## EXERCISE GOAL
Word for word, give the data again without its pictures.

## MATERIAL SUPPLIED
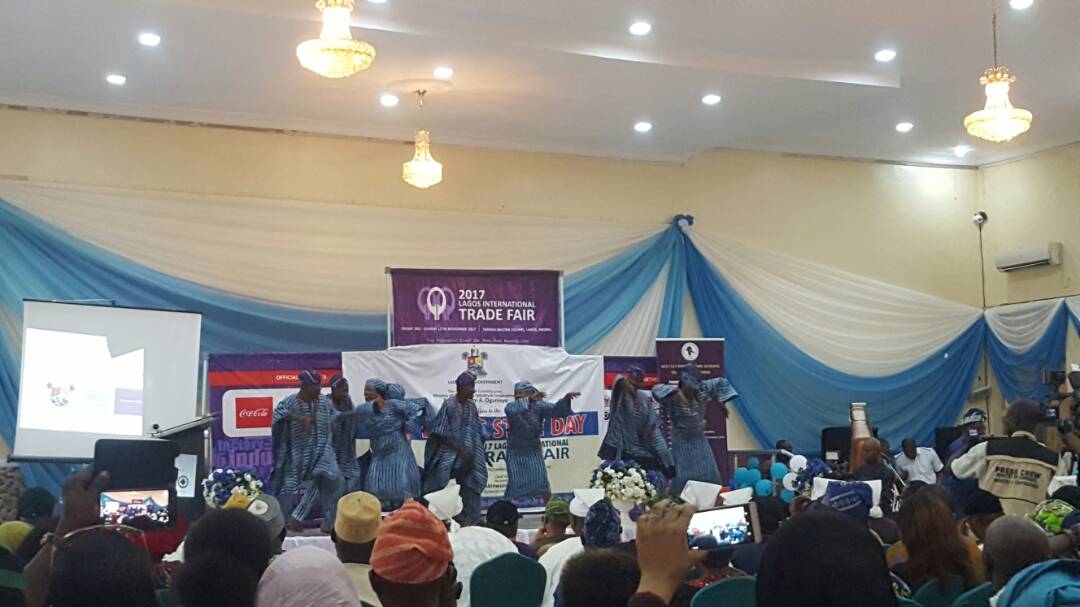 LCCI_LITF's tweet photo. Cultural Display at #LagosStateDay, #LagosIntLTradeFair #TbsLagos #LITF2017 https://t.co/FiIPgVW2JC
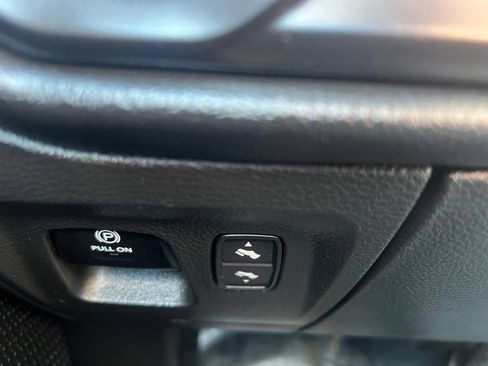Used 2023 RAM 1500 Laramie AWD/4WD image 22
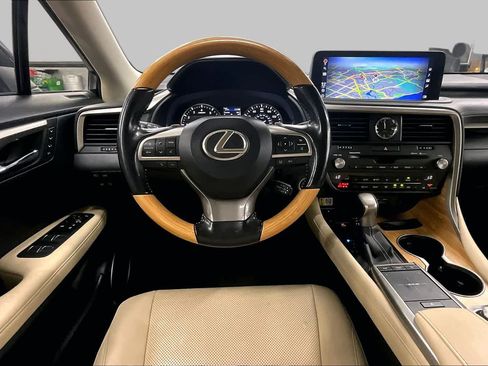 Used 2022 Lexus RX 350L FWD w/ Premium Package image 6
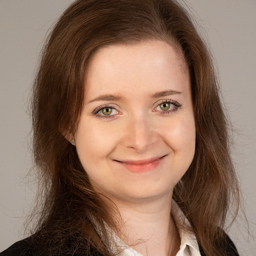 Laura Saar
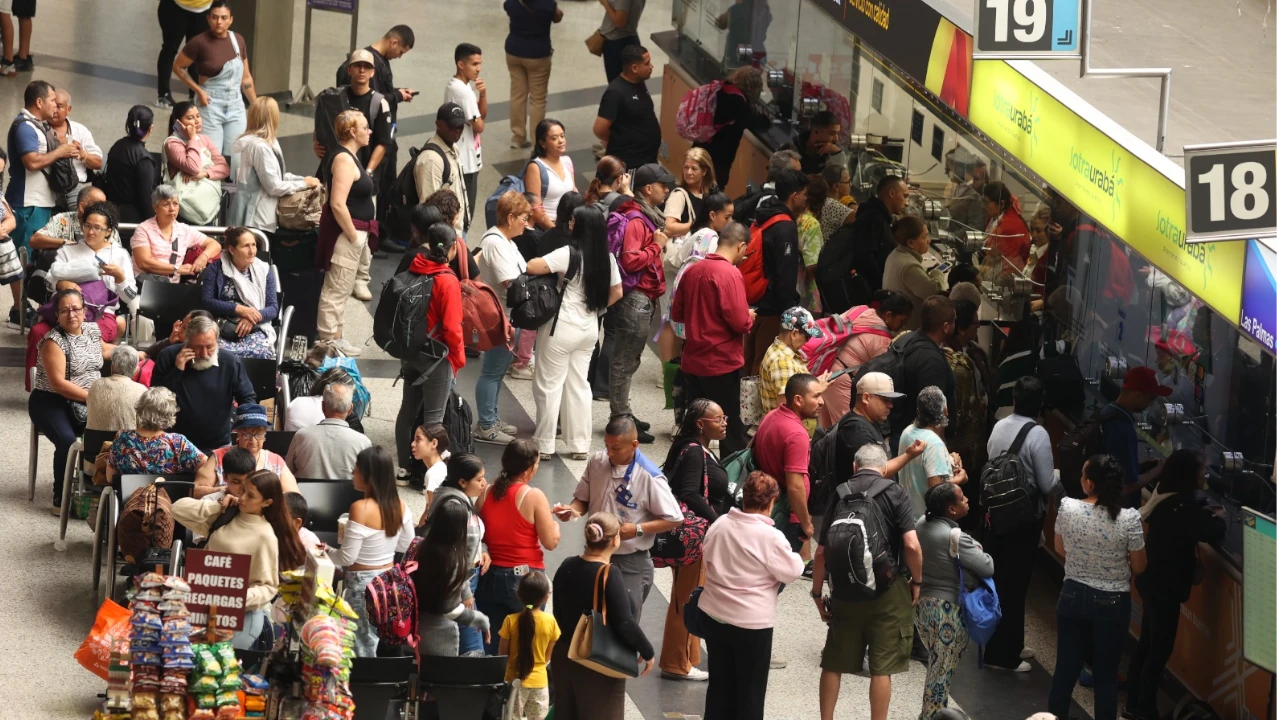 ¡Todos pa’ donde la familia! Terminales Medellín proyecta 244.000 viajeros durante el fin de semana de velitas TARMINALES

## YOUR RESPONSE
 LCCI_LITF's tweet photo. Cultural Display at #LagosStateDay, #LagosIntLTradeFair #TbsLagos #LITF2017 https://t.co/FiIPgVW2JC
Used 2023 RAM 1500 Laramie AWD/4WD image 22
 Used 2022 Lexus RX 350L FWD w/ Premium Package image 6
 Laura Saar
 ¡Todos pa’ donde la familia! Terminales Medellín proyecta 244.000 viajeros durante el fin de semana de velitas TARMINALES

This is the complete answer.